O lugar da fé nos ritos e na Espiritualidade: o exemplo natalício, por Luís Coelho
O Natal pode ser fonte de ambivalências, sentimentos nefastos e memórias angustiosas, mas é também o palco propício à negociação com todas essas sensações desvirtuadas, a data do reinício, de uma nova fase que vaticinará a mudança e a pacificação com o nosso Eu e com todos os que amamos. É o momento de tocar no outro e dar a palavra da redenção, o gesto do amor incondicional!
Assumindo previamente que a Espiritualidade enquanto "conceito" não iguala a "Religião", e atendo que o contacto com o Esoterismo, no sentido de uma filosofia espiritual profunda e racional, nos torna muitas vezes avessos à aceitação da fé enquanto princípio propulsor de uma vida centrada no Espírito, pode parecer contraditório que venha, de algum modo, defender a imprescindibilidade da fé para a prática devocional e a vivência da iluminação espiritual.
A contradição radica, por assim dizer, na eterna oposição entre fé e razão, sendo que a última é muitas vezes advogada como base necessária e até suficiente para a compreensão integral do processo espiritual, o que, a meu ver, pode resultar numa ilusão, que é a mesma que ancora na presunção de que o pensar do tipo "filosófico" é meramente uma questão de Racionalidade.

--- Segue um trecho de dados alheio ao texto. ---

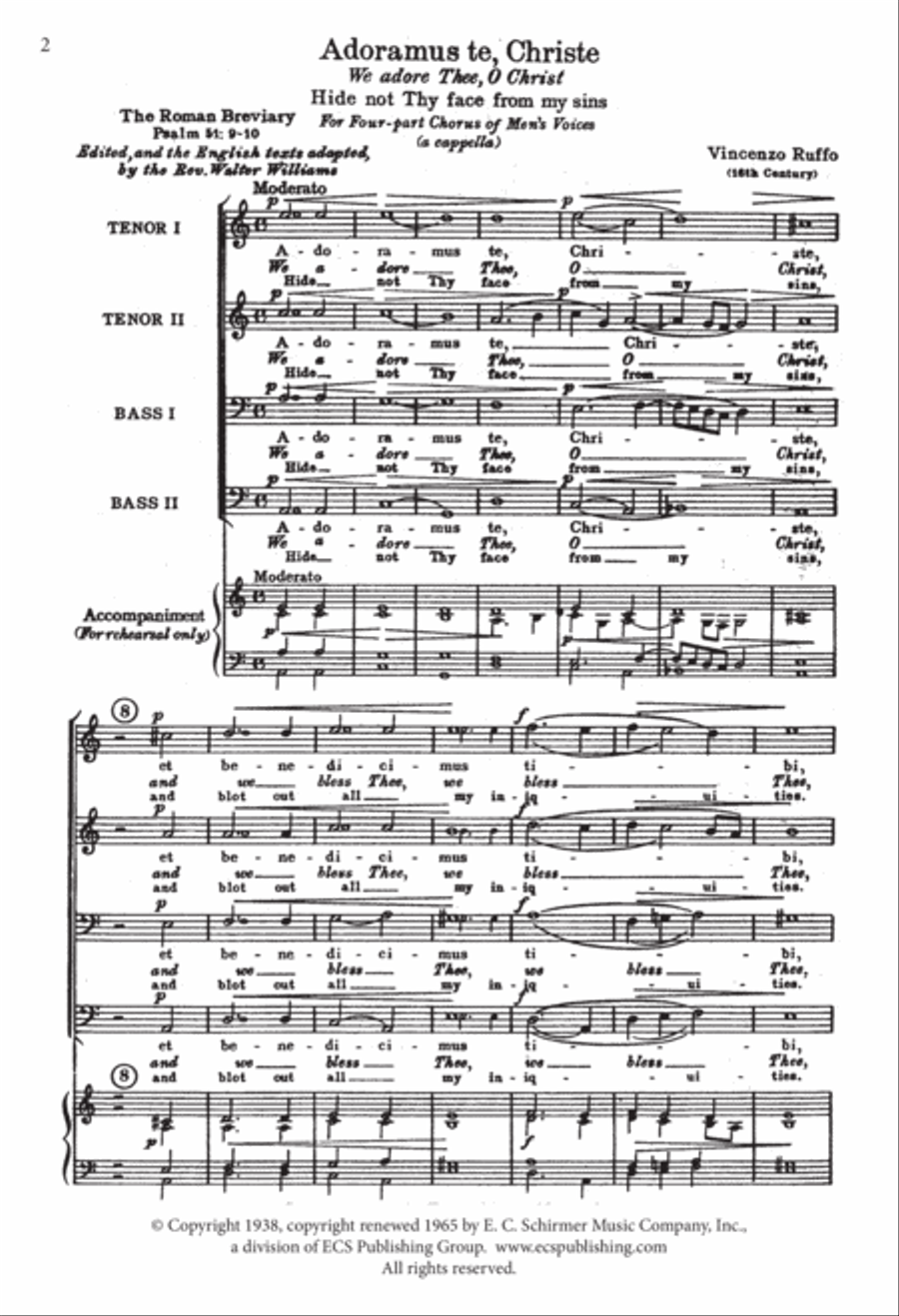 Adoramus te, Christe (We adore thee, O Christ) (Hide not Thy face) TTBB scores gallery preview page 2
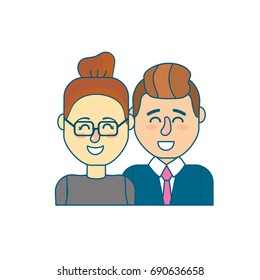 nice couple with hairstyle design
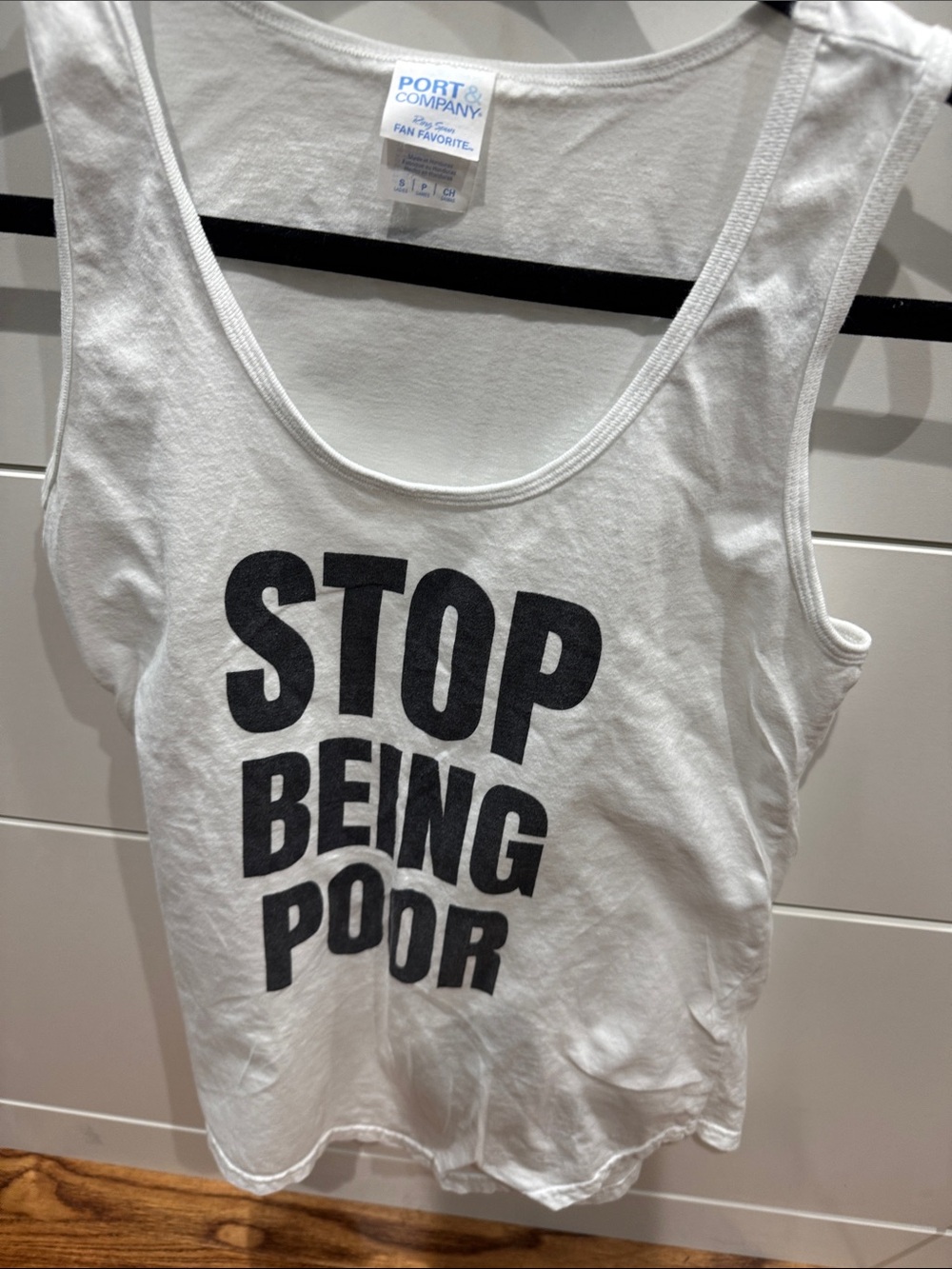 Port and Company White Tank Top with Black "STOP BEING POOR" Graphic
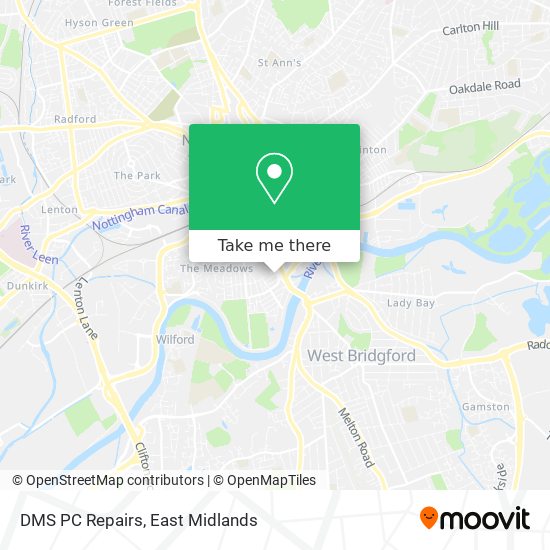How to get to DMS PC Repairs in Nottingham by Light rail, Bus or Train?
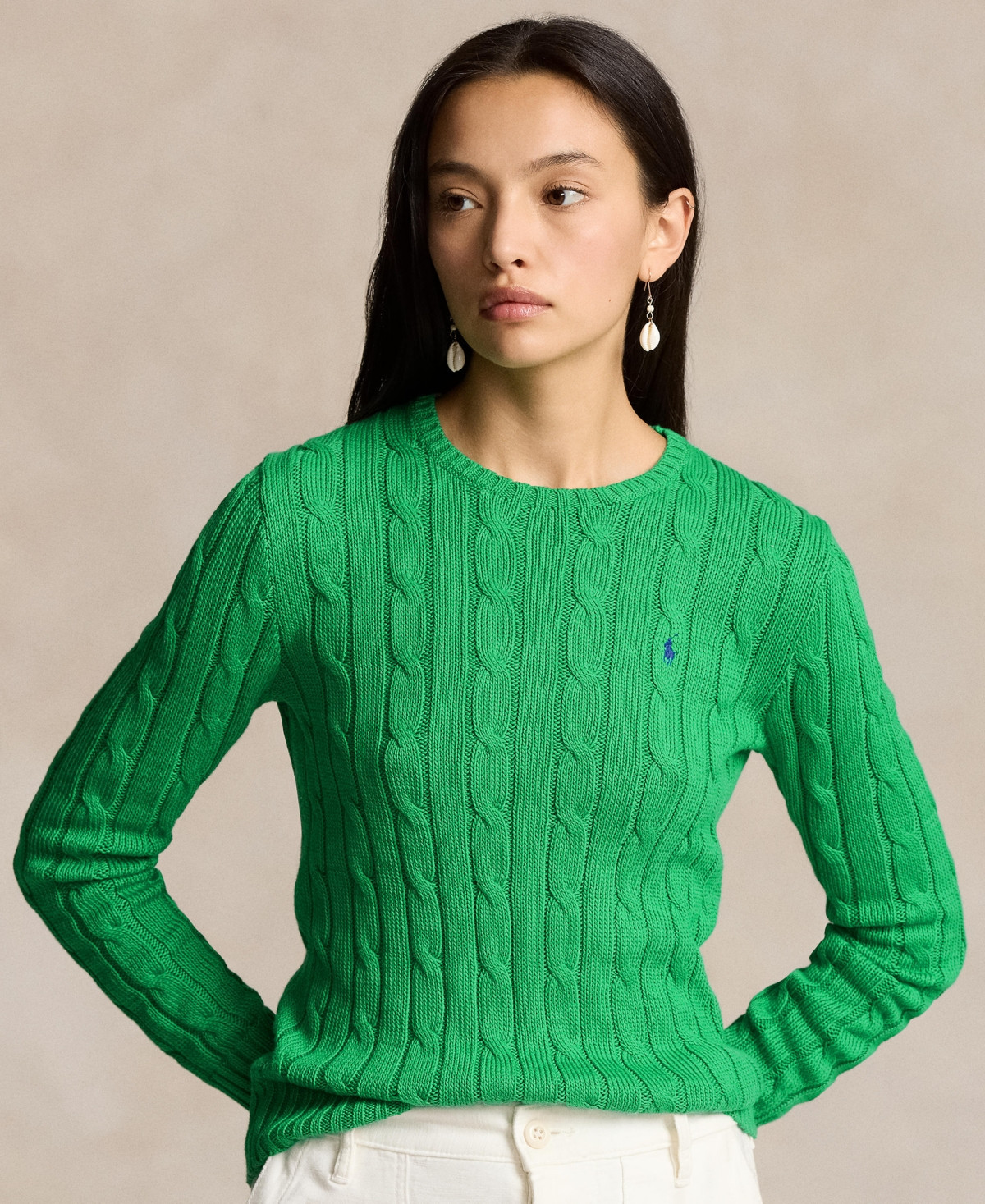 Polo Ralph Lauren Women's Cable-Knit Cotton Crewneck Sweater - Preppy Green | Macy's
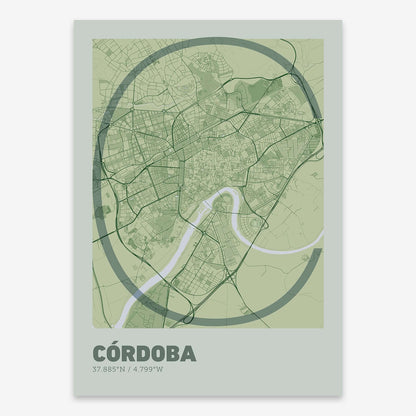 The map of Cordoba composed with letters in extra light font printed on two green tones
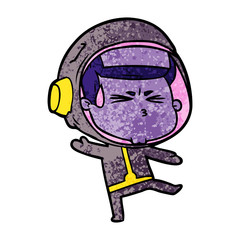 cartoon stressed astronaut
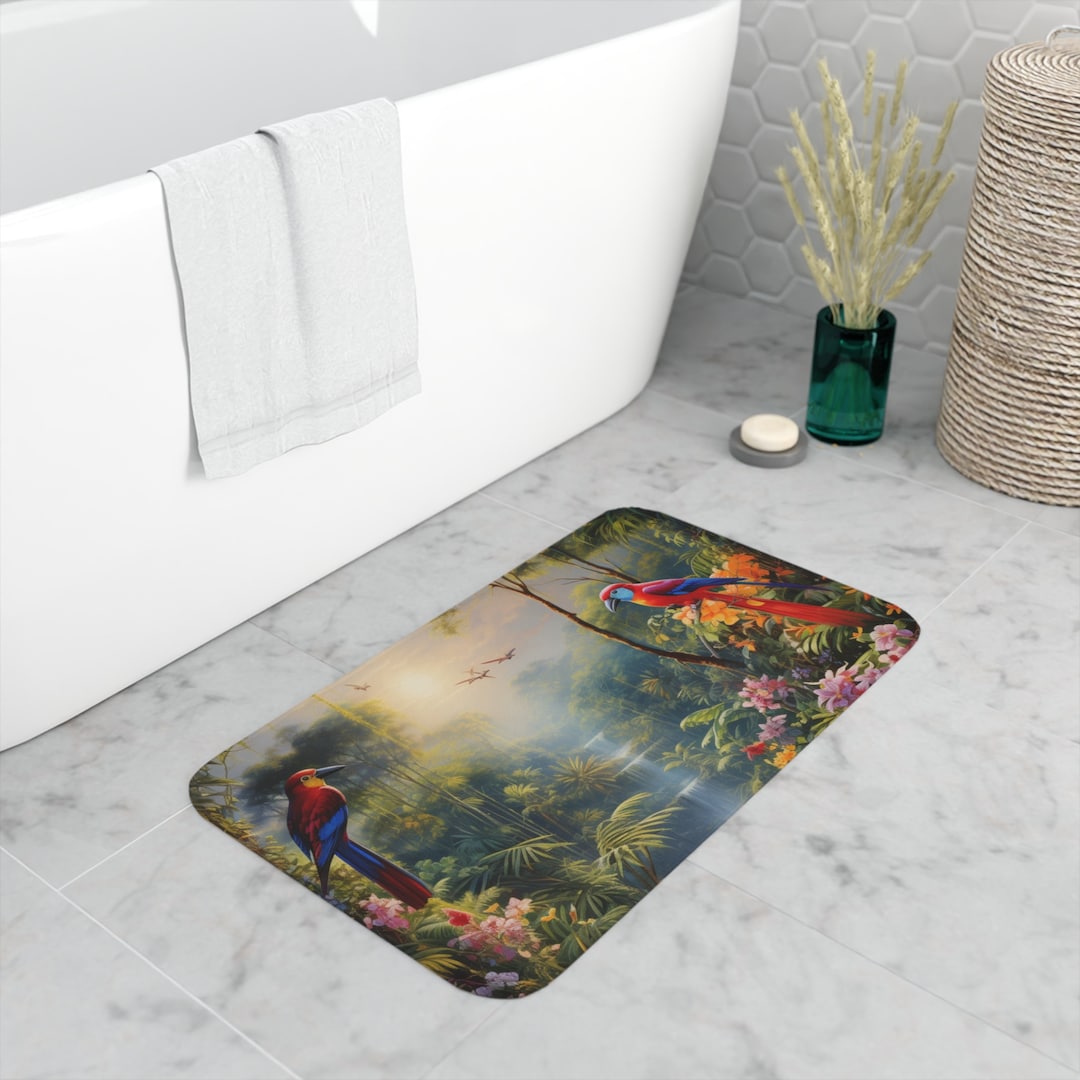 Tropical Forest Memory Foam Bath Mat Housewarming Gift Scenic Landscape ...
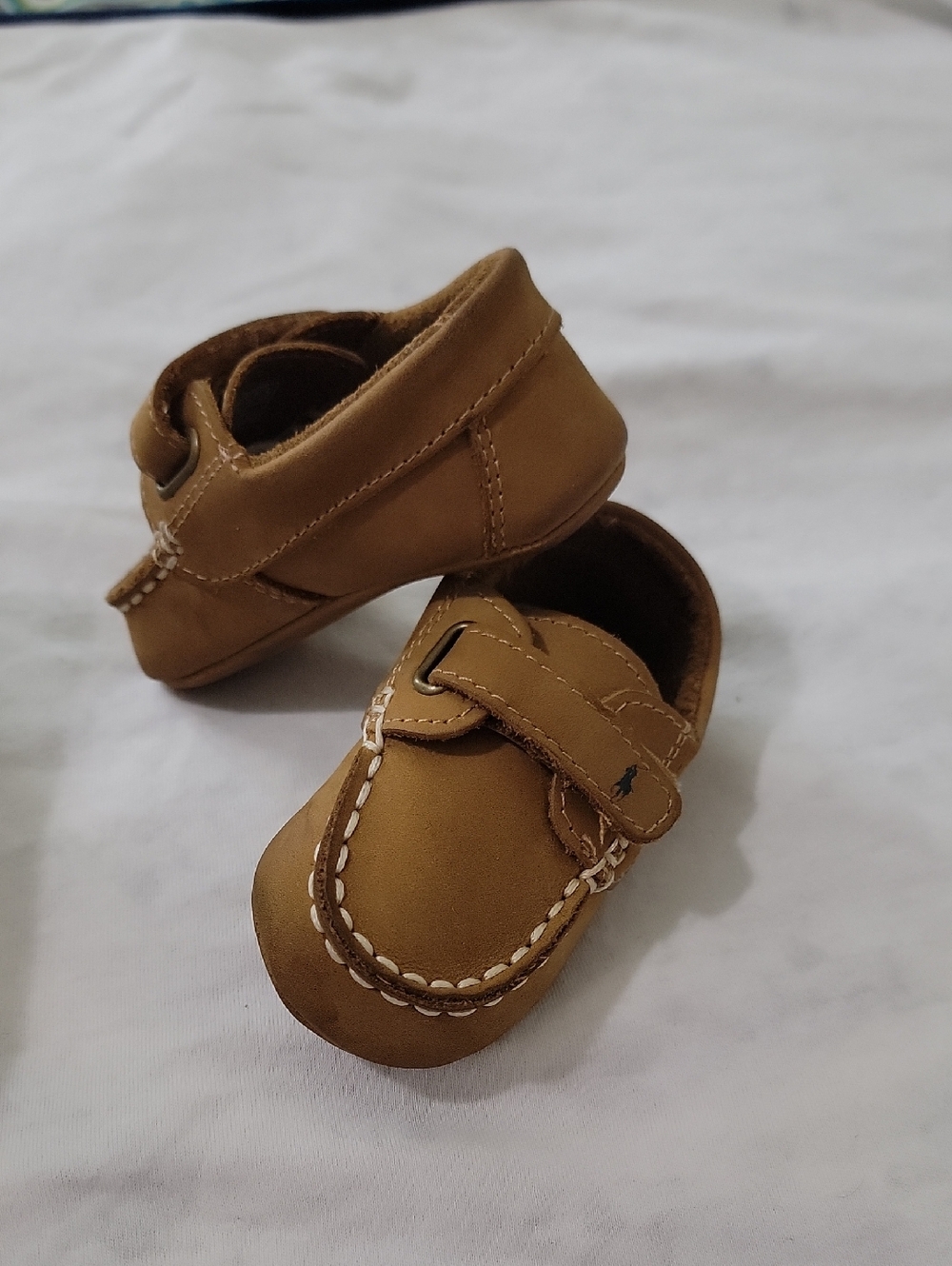 Polo by Ralph Lauren Tan Moccasin-Style Baby Walker Shoes
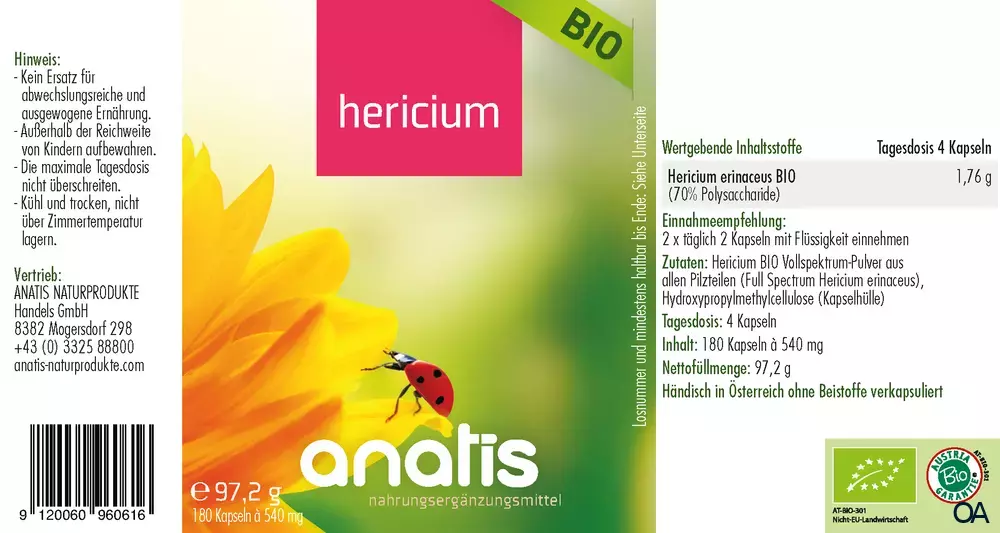 anatis Hericium Pilz BIO Kapseln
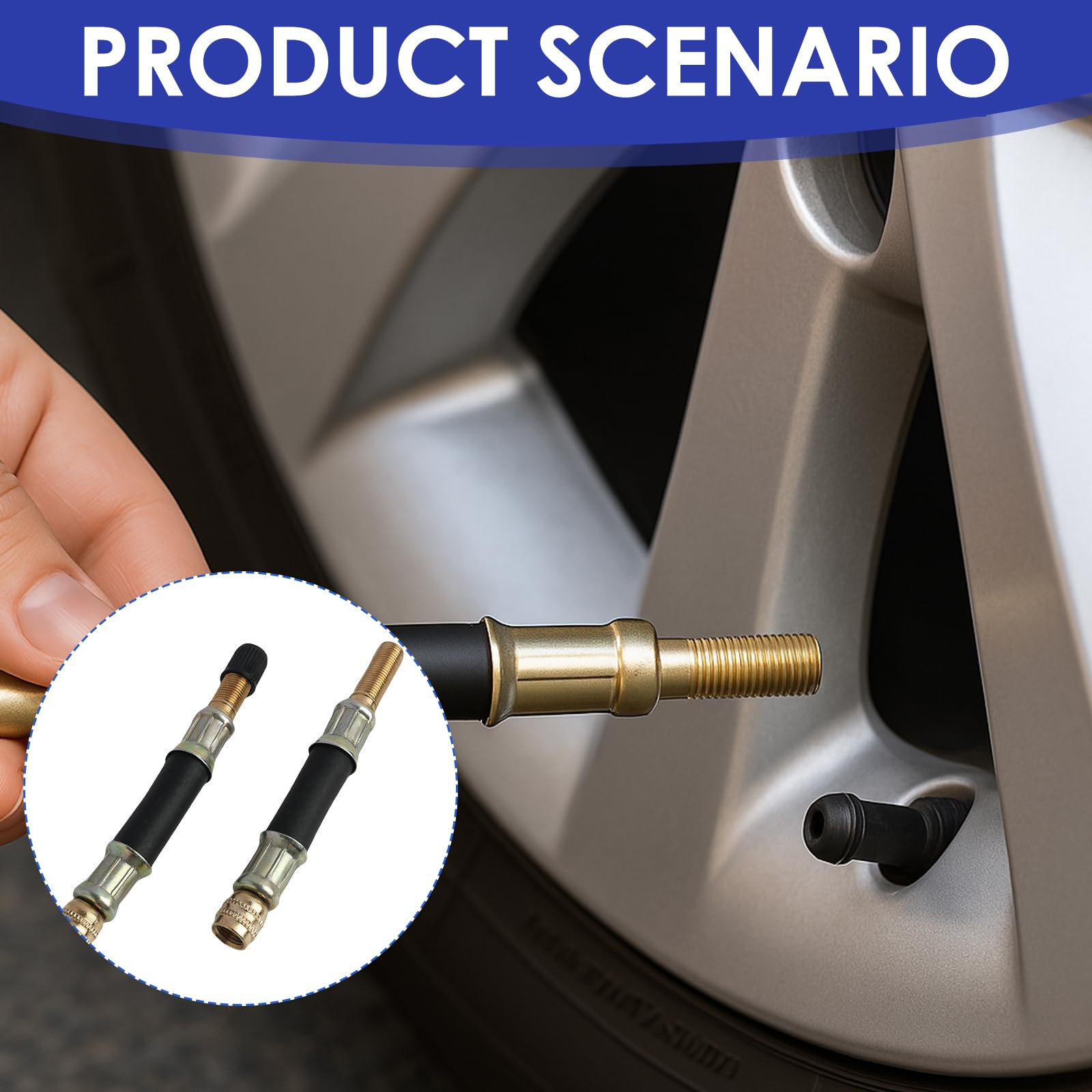 Prolunga Valvola Pneumatico (90° + 100mm), in Gomma e Ottone – prolunga valvola per Auto, Moto, Bicicletta, Scooter, Camion – Resistente al Calore (90°, 100MM)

Seguindo a Escala de Platão, segundo a qual o acesso à realidade se pode processar por dois níveis - Doxa (opinião) e Epistémi (Razão/Conhecimento) - e atendendo que a Fé ("Pistis") está incluída na Doxa, seria normal considerar, à imagem do que classicamente tem sido feito, que a fé pertence ao domínio do corpo e da mera "confiança" numa suposta verdade mesmo que não comprovada racionalmente como tal, e que a Razão pertence ao domínio do "além do corpo" e requer critérios objectivos de distinção entre diferentes verdades. No sentido esotérico, o Espírito teria mais a ver com esse racional "além do corpo" do que com a fé, considerando esta última como estando mais relacionada com a temática religiosa propriamente dita; assim sendo, também se poderia considerar que as sensações afectas à devoção não relevariam da verdadeira Espiritualidade, mas somente do fenómeno "popular" e exotérico da "Fé".
A perspectiva clássica de oposição Fé vs. Razão, Corpo vs. Espírito, Religião Exotérica vs. Religião Esotérica medra de duas grandes ilusões quase milenares. Uma delas é a consideração de que o Espírito ou o próprio acto do Filosofar pode dispensar o corpo e a sensação, quando, na verdade, todo o acto de Consciência ou Hiper-consciência reitera a existência de um palco somático (senão da própria fé...), se é que não corresponde meramente ao próprio palco neurológico (assumindo-se, assim, a "alma" e o "Espírito" como meras alegorias). A outra ilusão corresponde à errónea pressuposição de que é possível uma vida espiritual sem a inclusão das sensações, emoções, sentimentos, quando, obviamente, a mera compreensão racional da Religião é insuficiente para a prática de uma vida espiritual no ponto de vista, não tanto da renúncia, mas da tolerância e da compaixão.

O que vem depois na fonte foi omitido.